Leap of Faith is nevertheless infused with the redemptive spirit of the German artist Joseph Beuys. As Pierre Restany has written, Beuys came to be recognized in post-war West Germany as the intellectual model of the “good German”; “socialist and not communist; anarchist and not terrorist; poet of nature and lucid critic of the consumer society.” Part of his redemptive aura also “came with his involvement with the spontaneous practice of the expanded arts, a multimedia expansion of every kind of expression as advocated by the Lithuanian inventor of FLUXUS, George Maciunas.” Here there was a Latvian connection too, in the form of Valdis Abolins who took part with Beuys in one of the very first FLUXUS events - held in Wiesbaden in 1962 (Abolins’ name is celebrated in Leap of Faith). Indeed there are a number of references to Beuys in my work, in both imagery and text - in particular to his ‘action’ Manresa of 1966.

Leap of Faith also reproduces, in the original German, Beuys last powerful pronouncement that he transmitted by telephone from his sickbed, to a performance being enacted by Nam June Paik and Henning Christiansen in Hamburg in 1985. His brief but weighty words were a strong plea for the release of all the creative power that was held captive inside people (like the New Zealand artist/prophet Colin McCahon, Beuys spoke of “load–bearing structures”). For Beuys believed that ‘everyone is an artist’ and that it was this huge untapped reserve of creativity which could be humanity’s salvation if it could only be set free. Thus Leap of Faith is a tragic work that also contains much hope. Could this be part of the meaning of the enigmatic litany from the ‘action’ Manresa that can be found here and there in Leap of Faith:

“Here speaks FLUXUS / FLUXUS
Here speaks FLUXUS / FLUXUS
Now element 2 has climbed up to element 1
Now element 1 has climbed down to element 2
Now element 2 has climbed up to element 1
Now element 1 has climbed down to element 2
Repeat, repeat etc…”

In Two Minds

IN TWO MINDS
/ 2007

Layering, repetition, variation are the central tenets of my art practice. What is always paramount is how the paintings are made rather than what they say. And in the last decade, the surgical scalpel rather than the paintbrush has been my primary tool. I have been cutting perhaps more than painting. But whatever I am doing, a total immersion in process is the secret key to the vast and sustaining body of work I have produced since 1981.

At that time I made a simple but profound discovery, which was the possibility of painting on canvas board panels. Not only on single panels but on many panels (up to as many as 300) arranged together in a grid to form a larger composite image. But the irony is that while I love the convenience and flexibility of the canvas board, I am not in love with the grid. The aesthetic of the grid is something I resist and struggle against, yet it is nevertheless a dominant aspect of my work.

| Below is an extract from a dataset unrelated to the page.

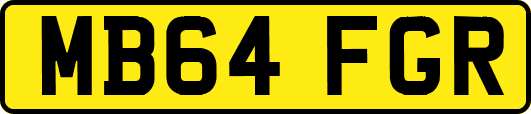 MB64FGR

In this new group of paintings for Adelaide, I move forward, yet stay in the same place. The twelve works span the interval between 77074 to 80708 - the cumulative total number of panels completed since 1981. 'Landscape' continues to be the dominant theme with references here to Albert Namatjira's various depictions of Haast's Bluff, to Hans Heysen's excursions to the Flinders Ranges and Rosalie Gascoigne's response to the Monaro region in South-Eastern Australia (where I live) as well as references to the faded sunflowers of Egon Schiele, to Gustav Klimt's slender birch trunks and to the silhouetted rose of Philipp Otto Runge. Consequently I seem to be in two minds as to where I should locate my psyche - next to the central Australian ghost gum or the Latvian birch tree - in Europe or in the Antipodes.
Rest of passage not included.